_WHAT TO WORK ON_.
Although pictures appear in the data, the answer should contain only the lines from its start through the line with "The command for", written out exactly.

===== EXERCISE DATA

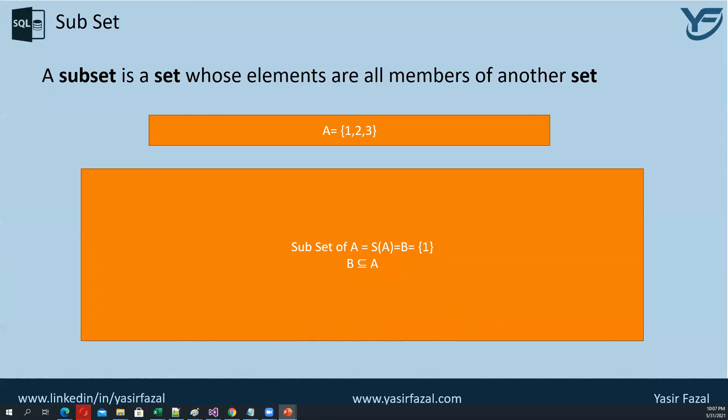In the example, if I write down only one member in set B, which is 1, all members of B are actually present in set A, so it holds true. This is the basic concept of subset. I hope you have understood the concept. Thank you.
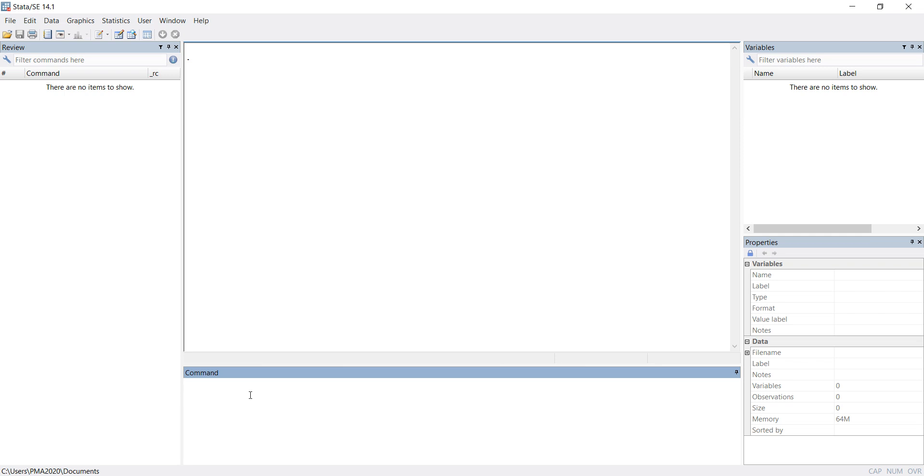The command for that is cd space pathname. Right now, this is our present working directory. How can we check our present working directory? With the help of pwd, we can check what our present working directory is.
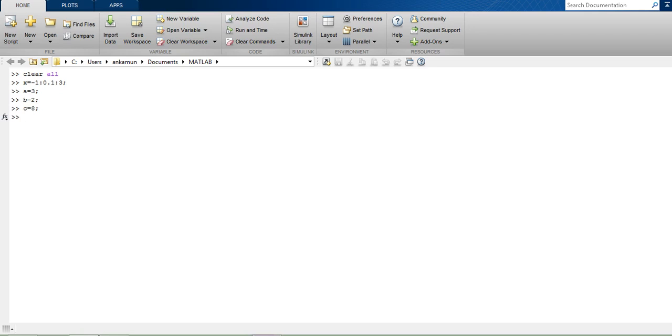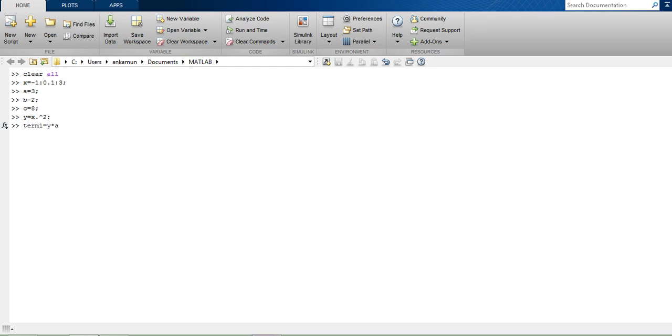For calculating ax square, I first have to generate x square. So y contains all the values of x square. Then I multiply y with the constant a and get my first term. Similarly, my term 2 is b multiplied by x.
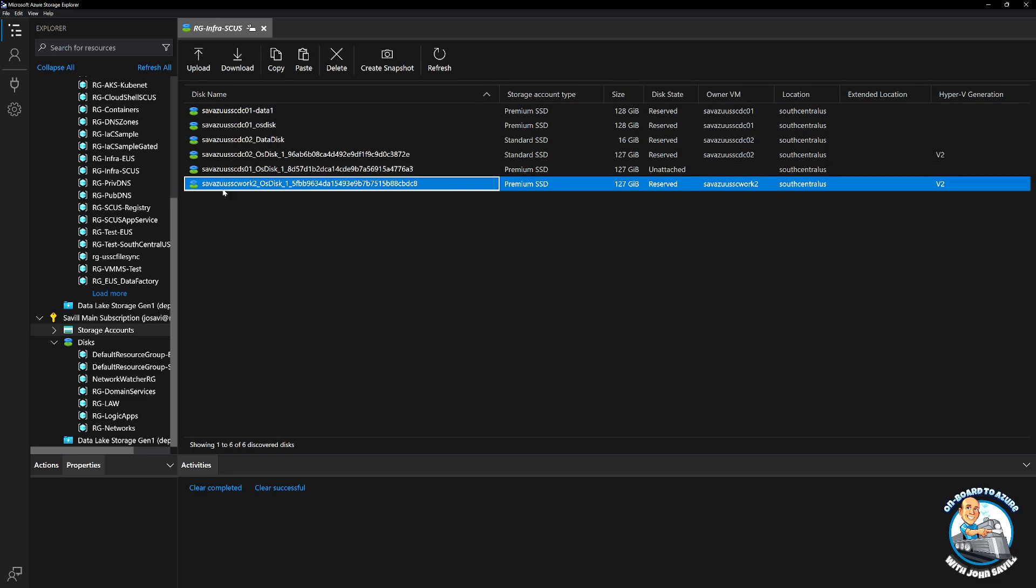Then all I have to do is go to the target. So my account does have permission in both tenants. It's a guest in the other tenant. It has permission.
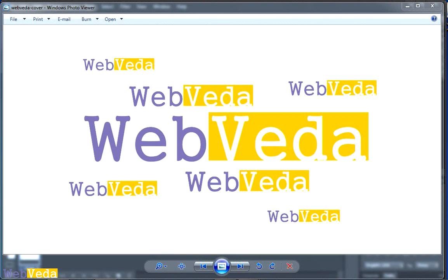Hello friends, welcome to our channel WebVeda. As you know you can learn lots of interesting things on our channel and right now we are working on the Photoshop subject.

==========

_RESPONSE_.
In the example, if I write down only one member in set B, which is 1, all members of B are actually present in set A, so it holds true. This is the basic concept of subset. I hope you have understood the concept. Thank you.
The command for that is cd space pathname. Right now, this is our present working directory. How can we check our present working directory? With the help of pwd, we can check what our present working directory is.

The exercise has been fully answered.